Wouldn’t it be cool if, on the basis of historical posts, we can develop a method to differentiate between r/relationships or r/confessions subreddit? Well, we can - and it is pretty straightforward!
Using common approaches in Natural Language Processing (NLP) - an increasingly popular Data Science topic - this post will go through some of the key steps invovled in this process. More importantly, it is to share an easily generalisable methodology that can be used on other subreddits as well.
A caveat, however, is that this method is constrained to text-based subreddits which only have text in their posts. Posts with images are not going to be used as it is outside of the scope of this post.
Table of Contents
Importing our libraries
import numpy as np
import requests
import pandas as pd
import time
import random
import regex as re
import matplotlib.pyplot as plt
from nltk.corpus import stopwords # Import the stop word list
from nltk.stem import WordNetLemmatizer
from nltk import word_tokenize
from sklearn.metrics import classification_report, roc_curve
from sklearn.feature_extraction.text import CountVectorizer, TfidfVectorizer
from sklearn.pipeline import Pipeline
from sklearn.model_selection import train_test_split, GridSearchCV, cross_val_score
from sklearn.linear_model import LogisticRegression
from sklearn.naive_bayes import MultinomialNB, BernoulliNB, GaussianNB
from sklearn.neighbors import KNeighborsClassifier
import warnings
from psaw import PushshiftAPI
# After the imports
warnings.filterwarnings(action='ignore')
Data Acquisition
Scrap data using the PushShiftAPI to extract more than 1000 posts per subreddit to overcome Reddit’s imposed limitation.
%time
api = PushshiftAPI()
confessions = pd.DataFrame(list(api.search_submissions(subreddit='confessions',
filter=['author','title','subreddit','selftext'],
limit=5000)))
relationships = pd.DataFrame(list(api.search_submissions(subreddit='relationships',
filter=['author','title','subreddit','selftext'],
limit=5000)))
# store the scrapped data.
confessions.to_csv('./data/confessions.csv')

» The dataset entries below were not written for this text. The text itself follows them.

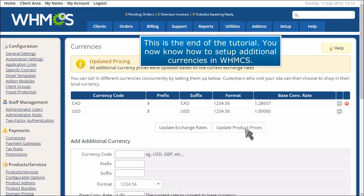This is the end of the tutorial. You now know how to set up additional currencies in WHMCS.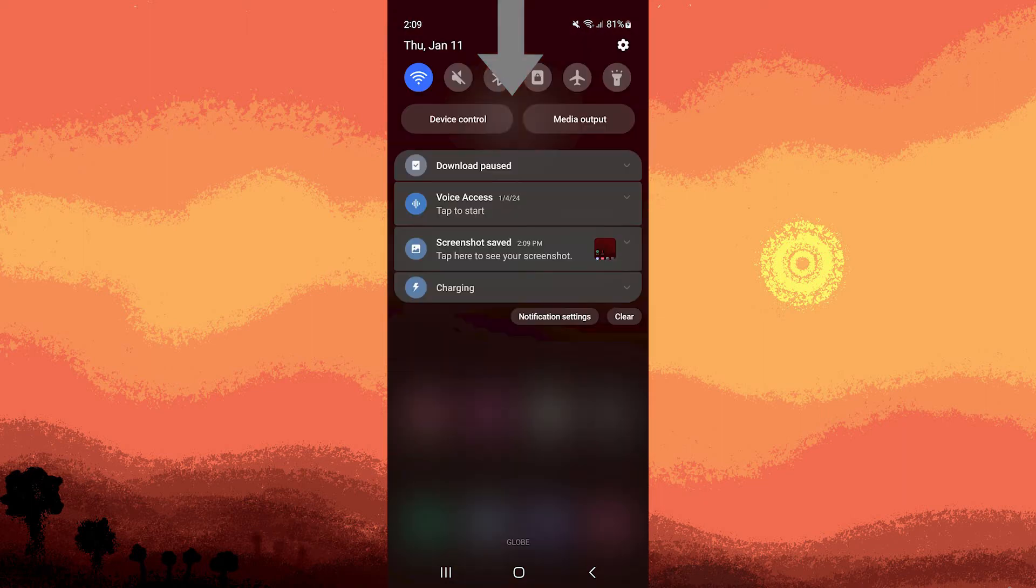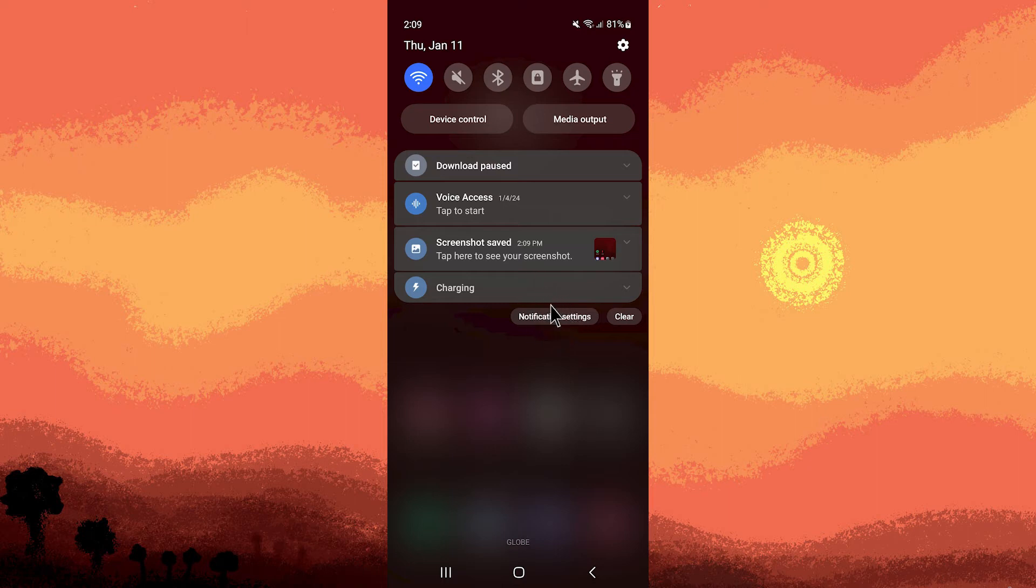Swipe down from the top corner of the screen to access the notification center. Now, tap on notification settings.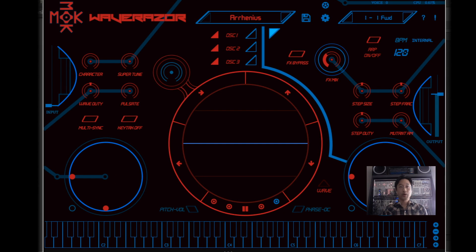Hello, and welcome to this Waverazor Getting Started video. I'm Taiho Yamada, and over the next few minutes, we'll quickly discuss how to use Waverazor's controls.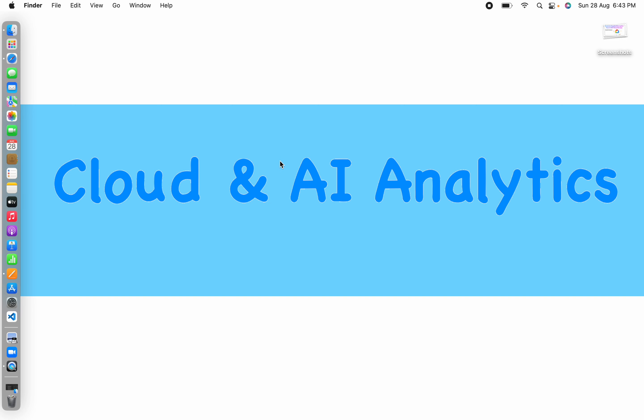Please do like, comment, share and subscribe to Cloud and AI Analytics. And don't forget to click on the bell icon. I will see you in the next video with interesting topic from Google Cloud Services. Until then, it's bye from Vignesh. Happy learning. Thank you.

relationships.to_csv('./data/relationships.csv')
Data Cleaning
We create a filter_columns
function that filters out the title, self text and subreddit name (our target)
We use the .count()
function in our DataFrame object to understand the class balance of our dataset. Ideally, we want the number of entries of type confessions and/or relationships to be the same.
def filter_columns(df):
columns_to_retain = ['title','selftext','subreddit','author']
return df[columns_to_retain]
df_relationships_clean = filter_columns(df_relationships)
df_conf_clean = filter_columns(df_confessions)
`
display(df_relationships_clean['title'].count())
display(df_conf_clean['title'].count())
Below is a sample of our data:
df_relationships_clean.head()
title | selftext | subreddit | author | |
---|---|---|---|---|
0 | Hi I'm here to find my friends without anybody... | NaN | relationships | 0100100001010000 |
1 | My (M31) mind might be broken when i thi k abo... | [removed] | relationships | obviousThrowaway274 |
2 | How do I (26m) apologize to my ex (25f) in a d... | Long story short, we broke up 4 months ago and... | relationships | Throwitallaway73734 |
3 | Do you believe it's better to solve an argumen... | [removed] | relationships | EvenKealed |
4 | Am i broken? | [removed] | relationships | obviousThrowaway274 |
df_conf_clean.head()
title | selftext | subreddit | author | |
---|---|---|---|---|
0 | Thought a girl was giving me a quarter and the... | So, this was back in 2nd grade. It's a normal ... | confessions | jessthatrandomperson |
1 | How can I enjoy my last few days? | I am going to die very soon. \n\nI am terrifie... | confessions | throwaway948118 |
2 | I am a narcissistic asshole and I know it and ... | I am basically just a manipulative horrible pe... | confessions | royjorbison |
3 | I use Reddit as an audience for my puns | I can't go ten sentences without thinking of a... | confessions | anikdylan27 |
4 | I'm sorry for being an asshole last night | To the guy I met last night, who's name escape... | confessions | roodeeMental |
Prior to this, we may wish to remove posts that have ‘Moderator’ as an author to train our model on more ‘authentic’ posts.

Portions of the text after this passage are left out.